The dark-billed cuckoo is 25 to 28 cm long, about half of which is the tail. Males weigh about 42 to 54 g and females about 50 to 66 g. Males and females have the same plumage. They have a gray crown and nape and grayish brown upperparts. Their wings are a darker grayish brown with no rufous. The upper surface of their tail is brown; the underside of the central pair of feathers is brown with black tips, the next pair blackish with narrow white tips, and the rest black with wide white tips. Their face is gray with a wide black "mask" past the eye, which is surrounded by a narrow ring of citron yellow, olive yellow, or gray bare skin. Their underparts are pale buff with the breast somewhat darker than the rest; the sides of the breast and flanks are gray. Juveniles are similar to adults but duller, with a brown crown and nape, gray tips on the tail feathers, and sometimes rufous in the wings.

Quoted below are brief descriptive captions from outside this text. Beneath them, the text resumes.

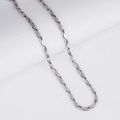 Diamond Shape Silver Chain 4MM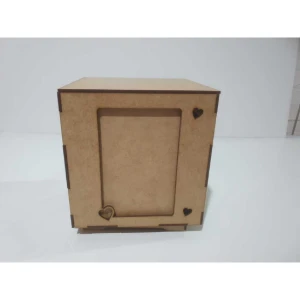 Porta retrato giratório MDF, caixa com tampa - Artesanato e Personalizados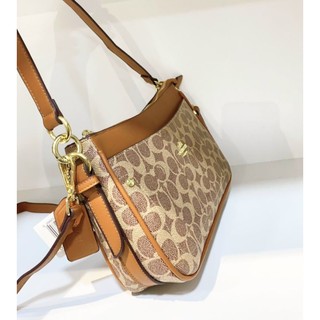 Túi xách nữ Coach dáng thuyền đeo vai xác h tay kết hợp đeo chéo size 26 cm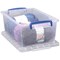 Really Useful Nesting Storage Box 10.1L Clear Pack of 3
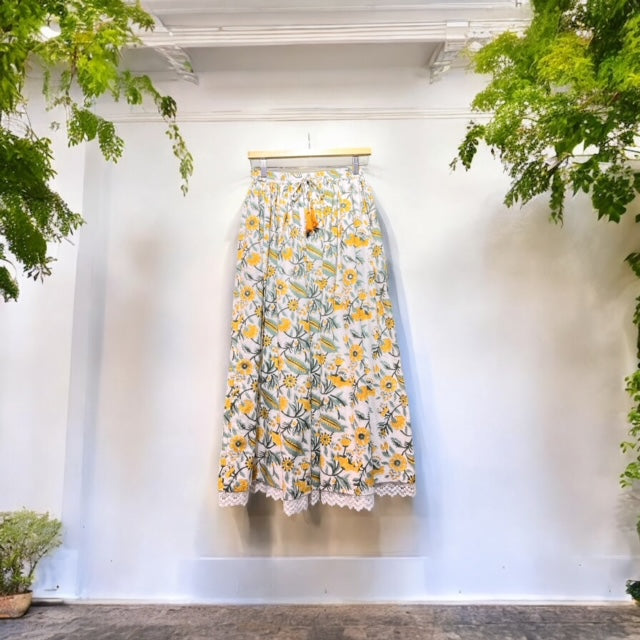 The Lace-Hem Maxi Skirt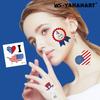 Independence Day Theme Face Tattoo with American Flag USA Painted Party Party Waterproof Temporary Body Art Stickers Decoration
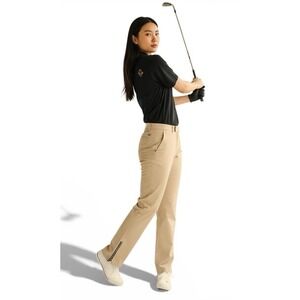Bally Golf Women's Khaki NWT Chino Pants Size EU46 / US16 [1X] Inseam 32.5"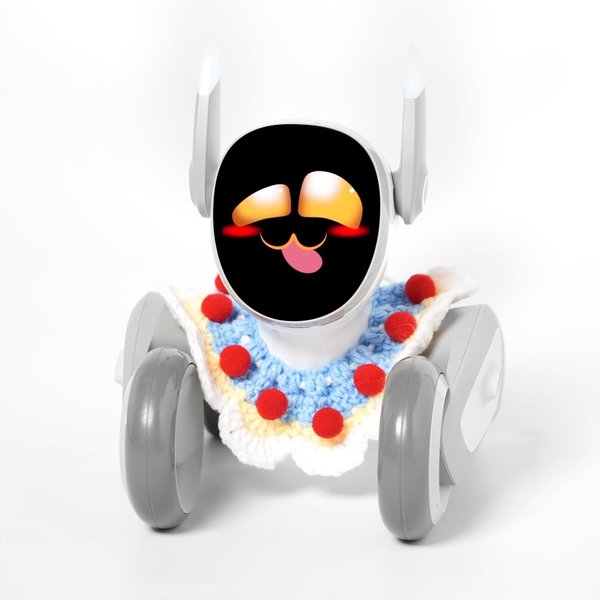 Loona Festive Collar Outfit — Handmade Crochet Collars with a Festive Theme, Perfect for Transforming Your Pet Robot Toys into a Fun and Cheerful Companion.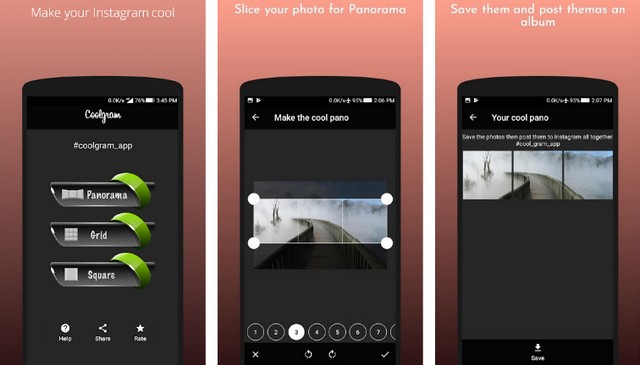 Coolgram - meilleure application de panorama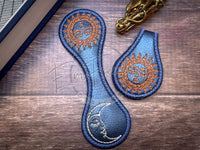 Bookmark 4X4 Magnetic - Sun & Moon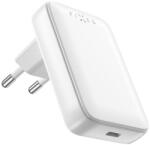 FIXED Slim GaN USB-C kimenet + PD támogatás, 30 W, fehér (FIXCG30S-C-WH)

==Distribution and habitat==

The dark-billed cuckoo is found regularly throughout much of South America except in Chile, where it has occurred as a vagrant. It is also resident on the Galápagos Islands. In addition to Chile, it has occurred as a vagrant in Clipperton Island, Panama, Trinidad, the Falkland Islands, Grenada, Florida, and Texas. It inhabits a wide variety of landscapes including the interior and edges of tropical deciduous, gallery, and mature secondary forest plus mangroves. It is generally a bird of the lowlands below 950 m but has been documented as high as 3600 m.

==Behavior==
===Movement===

The dark-billed cuckoo is a year-round resident in the Galápagos Islands and west of the Andes in Colombia, Ecuador, and maybe Peru. Those in southern Brazil, Uruguay, and Argentina breed there and migrate north for the austral winter (March to October). Those breeding on the Venezuelan Llanos between May and October move south after nesting. The species is present in most of the Amazon basin only during the austral winter.

===Feeding===

The dark-billed cuckoo's diet is almost entirely insects, both adult and larval.

===Breeding===

The dark-billed cuckoo's nest is a flat platform made of sticks and placed in a tree or bush. In most of its range it lays two or three eggs but in Argentina the clutch is more commonly three to four and occasionally five. The eggs are greenish blue. Incubation begins with the first egg laid so hatching is asynchronous and the young differ in size.

===Vocalization===

The dark-billed cuckoo's song is variously described as "six to eight resonant, buzzy kazoo-like notes" and "a ventriloquial ga-ga-ga-go-go." Another vocalization is "a descending series of guttural notes" that may also be a song. It makes "a dry-sounding buzz...dddddrr" call.

==Status==

The IUCN has assessed the dark-billed cuckoo as being of Least Concern. It has an extremely large range, and though its population size is not known it is believed to be stable. No immediate threats have been identified. It is considered fairly common throughout its range.